→ **WORK INSTRUCTION**
The records below must be returned in full and unaltered.

→ **INFORMATION GIVEN**
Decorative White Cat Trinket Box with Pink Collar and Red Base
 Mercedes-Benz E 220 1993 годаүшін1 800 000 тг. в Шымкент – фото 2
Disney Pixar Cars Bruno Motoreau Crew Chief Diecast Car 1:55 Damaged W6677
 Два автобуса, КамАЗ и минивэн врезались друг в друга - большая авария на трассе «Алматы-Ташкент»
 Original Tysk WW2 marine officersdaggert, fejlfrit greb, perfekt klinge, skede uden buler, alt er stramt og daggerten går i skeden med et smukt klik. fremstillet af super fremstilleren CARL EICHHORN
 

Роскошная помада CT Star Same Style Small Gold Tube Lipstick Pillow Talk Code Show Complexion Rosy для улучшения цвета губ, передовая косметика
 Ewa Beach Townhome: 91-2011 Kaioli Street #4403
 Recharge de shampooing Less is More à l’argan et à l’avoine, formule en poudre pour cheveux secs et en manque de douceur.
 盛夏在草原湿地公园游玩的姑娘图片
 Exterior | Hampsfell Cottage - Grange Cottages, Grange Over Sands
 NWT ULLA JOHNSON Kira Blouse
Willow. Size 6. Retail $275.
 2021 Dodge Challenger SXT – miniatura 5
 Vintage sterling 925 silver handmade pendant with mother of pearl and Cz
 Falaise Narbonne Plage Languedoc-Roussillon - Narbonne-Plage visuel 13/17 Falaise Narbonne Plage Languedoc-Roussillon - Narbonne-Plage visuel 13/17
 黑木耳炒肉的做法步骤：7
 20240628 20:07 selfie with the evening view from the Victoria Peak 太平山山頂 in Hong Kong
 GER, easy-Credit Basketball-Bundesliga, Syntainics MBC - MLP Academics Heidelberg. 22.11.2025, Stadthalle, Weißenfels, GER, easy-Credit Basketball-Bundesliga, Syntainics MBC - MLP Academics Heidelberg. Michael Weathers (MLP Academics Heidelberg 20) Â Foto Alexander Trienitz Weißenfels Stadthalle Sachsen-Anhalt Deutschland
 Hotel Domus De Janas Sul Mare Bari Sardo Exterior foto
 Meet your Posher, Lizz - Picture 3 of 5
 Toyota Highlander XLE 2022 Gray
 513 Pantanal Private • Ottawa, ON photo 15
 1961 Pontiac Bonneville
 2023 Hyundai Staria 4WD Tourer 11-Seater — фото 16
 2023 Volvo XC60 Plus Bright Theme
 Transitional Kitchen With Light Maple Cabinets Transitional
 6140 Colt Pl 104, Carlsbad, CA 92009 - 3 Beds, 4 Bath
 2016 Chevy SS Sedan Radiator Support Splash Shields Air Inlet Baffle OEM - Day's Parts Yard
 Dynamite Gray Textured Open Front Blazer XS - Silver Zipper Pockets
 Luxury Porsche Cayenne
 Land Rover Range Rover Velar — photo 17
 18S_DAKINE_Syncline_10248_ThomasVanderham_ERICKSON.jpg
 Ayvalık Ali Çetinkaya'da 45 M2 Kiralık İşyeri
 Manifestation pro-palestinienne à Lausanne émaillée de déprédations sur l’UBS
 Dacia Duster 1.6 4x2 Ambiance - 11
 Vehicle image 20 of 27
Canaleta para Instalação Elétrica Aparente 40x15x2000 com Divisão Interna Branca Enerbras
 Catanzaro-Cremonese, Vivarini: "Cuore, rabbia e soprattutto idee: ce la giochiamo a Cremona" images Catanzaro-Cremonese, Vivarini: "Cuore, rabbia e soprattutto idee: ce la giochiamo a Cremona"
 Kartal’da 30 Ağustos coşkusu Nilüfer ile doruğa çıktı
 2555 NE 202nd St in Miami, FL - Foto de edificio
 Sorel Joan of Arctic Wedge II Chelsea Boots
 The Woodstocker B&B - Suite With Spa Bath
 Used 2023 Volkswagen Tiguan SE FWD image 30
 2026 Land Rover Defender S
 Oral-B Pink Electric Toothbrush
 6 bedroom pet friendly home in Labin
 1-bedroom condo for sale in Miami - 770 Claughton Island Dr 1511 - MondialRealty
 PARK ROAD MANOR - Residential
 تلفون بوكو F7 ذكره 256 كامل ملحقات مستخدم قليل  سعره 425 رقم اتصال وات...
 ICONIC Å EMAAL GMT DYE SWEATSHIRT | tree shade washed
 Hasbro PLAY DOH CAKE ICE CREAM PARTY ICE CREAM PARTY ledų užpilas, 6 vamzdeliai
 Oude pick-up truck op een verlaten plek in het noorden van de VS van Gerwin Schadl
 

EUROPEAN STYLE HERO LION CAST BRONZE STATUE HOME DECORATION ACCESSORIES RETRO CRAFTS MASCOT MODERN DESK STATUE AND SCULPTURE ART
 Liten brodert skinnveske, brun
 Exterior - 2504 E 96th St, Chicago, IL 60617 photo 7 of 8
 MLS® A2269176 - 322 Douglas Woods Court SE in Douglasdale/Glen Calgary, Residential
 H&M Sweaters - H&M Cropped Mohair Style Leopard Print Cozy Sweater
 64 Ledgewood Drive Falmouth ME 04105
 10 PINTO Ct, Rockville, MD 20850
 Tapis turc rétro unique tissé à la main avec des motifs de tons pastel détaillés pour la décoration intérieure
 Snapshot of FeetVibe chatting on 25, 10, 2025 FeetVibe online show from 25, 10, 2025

→ **WRITTEN SOLUTION**
Decorative White Cat Trinket Box with Pink Collar and Red Base
 Mercedes-Benz E 220 1993 годаүшін1 800 000 тг. в Шымкент – фото 2
Disney Pixar Cars Bruno Motoreau Crew Chief Diecast Car 1:55 Damaged W6677
 Два автобуса, КамАЗ и минивэн врезались друг в друга - большая авария на трассе «Алматы-Ташкент»
 Original Tysk WW2 marine officersdaggert, fejlfrit greb, perfekt klinge, skede uden buler, alt er stramt og daggerten går i skeden med et smukt klik. fremstillet af super fremstilleren CARL EICHHORN
 

Роскошная помада CT Star Same Style Small Gold Tube Lipstick Pillow Talk Code Show Complexion Rosy для улучшения цвета губ, передовая косметика
 Ewa Beach Townhome: 91-2011 Kaioli Street #4403
 Recharge de shampooing Less is More à l’argan et à l’avoine, formule en poudre pour cheveux secs et en manque de douceur.
 盛夏在草原湿地公园游玩的姑娘图片
 Exterior | Hampsfell Cottage - Grange Cottages, Grange Over Sands
 NWT ULLA JOHNSON Kira Blouse
Willow. Size 6. Retail $275.
 2021 Dodge Challenger SXT – miniatura 5
 Vintage sterling 925 silver handmade pendant with mother of pearl and Cz
 Falaise Narbonne Plage Languedoc-Roussillon - Narbonne-Plage visuel 13/17 Falaise Narbonne Plage Languedoc-Roussillon - Narbonne-Plage visuel 13/17
 黑木耳炒肉的做法步骤：7
 20240628 20:07 selfie with the evening view from the Victoria Peak 太平山山頂 in Hong Kong
 GER, easy-Credit Basketball-Bundesliga, Syntainics MBC - MLP Academics Heidelberg. 22.11.2025, Stadthalle, Weißenfels, GER, easy-Credit Basketball-Bundesliga, Syntainics MBC - MLP Academics Heidelberg. Michael Weathers (MLP Academics Heidelberg 20) Â Foto Alexander Trienitz Weißenfels Stadthalle Sachsen-Anhalt Deutschland
 Hotel Domus De Janas Sul Mare Bari Sardo Exterior foto
 Meet your Posher, Lizz - Picture 3 of 5
 Toyota Highlander XLE 2022 Gray
 513 Pantanal Private • Ottawa, ON photo 15
 1961 Pontiac Bonneville
 2023 Hyundai Staria 4WD Tourer 11-Seater — фото 16
 2023 Volvo XC60 Plus Bright Theme
 Transitional Kitchen With Light Maple Cabinets Transitional
 6140 Colt Pl 104, Carlsbad, CA 92009 - 3 Beds, 4 Bath
 2016 Chevy SS Sedan Radiator Support Splash Shields Air Inlet Baffle OEM - Day's Parts Yard
 Dynamite Gray Textured Open Front Blazer XS - Silver Zipper Pockets
 Luxury Porsche Cayenne
 Land Rover Range Rover Velar — photo 17
 18S_DAKINE_Syncline_10248_ThomasVanderham_ERICKSON.jpg
 Ayvalık Ali Çetinkaya'da 45 M2 Kiralık İşyeri
 Manifestation pro-palestinienne à Lausanne émaillée de déprédations sur l’UBS
 Dacia Duster 1.6 4x2 Ambiance - 11
 Vehicle image 20 of 27
Canaleta para Instalação Elétrica Aparente 40x15x2000 com Divisão Interna Branca Enerbras
 Catanzaro-Cremonese, Vivarini: "Cuore, rabbia e soprattutto idee: ce la giochiamo a Cremona" images Catanzaro-Cremonese, Vivarini: "Cuore, rabbia e soprattutto idee: ce la giochiamo a Cremona"
 Kartal’da 30 Ağustos coşkusu Nilüfer ile doruğa çıktı
 2555 NE 202nd St in Miami, FL - Foto de edificio
 Sorel Joan of Arctic Wedge II Chelsea Boots
 The Woodstocker B&B - Suite With Spa Bath
 Used 2023 Volkswagen Tiguan SE FWD image 30
 2026 Land Rover Defender S
 Oral-B Pink Electric Toothbrush
 6 bedroom pet friendly home in Labin
 1-bedroom condo for sale in Miami - 770 Claughton Island Dr 1511 - MondialRealty
 PARK ROAD MANOR - Residential
 تلفون بوكو F7 ذكره 256 كامل ملحقات مستخدم قليل  سعره 425 رقم اتصال وات...
 ICONIC Å EMAAL GMT DYE SWEATSHIRT | tree shade washed
 Hasbro PLAY DOH CAKE ICE CREAM PARTY ICE CREAM PARTY ledų užpilas, 6 vamzdeliai
 Oude pick-up truck op een verlaten plek in het noorden van de VS van Gerwin Schadl
 

EUROPEAN STYLE HERO LION CAST BRONZE STATUE HOME DECORATION ACCESSORIES RETRO CRAFTS MASCOT MODERN DESK STATUE AND SCULPTURE ART
 Liten brodert skinnveske, brun
 Exterior - 2504 E 96th St, Chicago, IL 60617 photo 7 of 8
 MLS® A2269176 - 322 Douglas Woods Court SE in Douglasdale/Glen Calgary, Residential
 H&M Sweaters - H&M Cropped Mohair Style Leopard Print Cozy Sweater
 64 Ledgewood Drive Falmouth ME 04105
 10 PINTO Ct, Rockville, MD 20850
 Tapis turc rétro unique tissé à la main avec des motifs de tons pastel détaillés pour la décoration intérieure
 Snapshot of FeetVibe chatting on 25, 10, 2025 FeetVibe online show from 25, 10, 2025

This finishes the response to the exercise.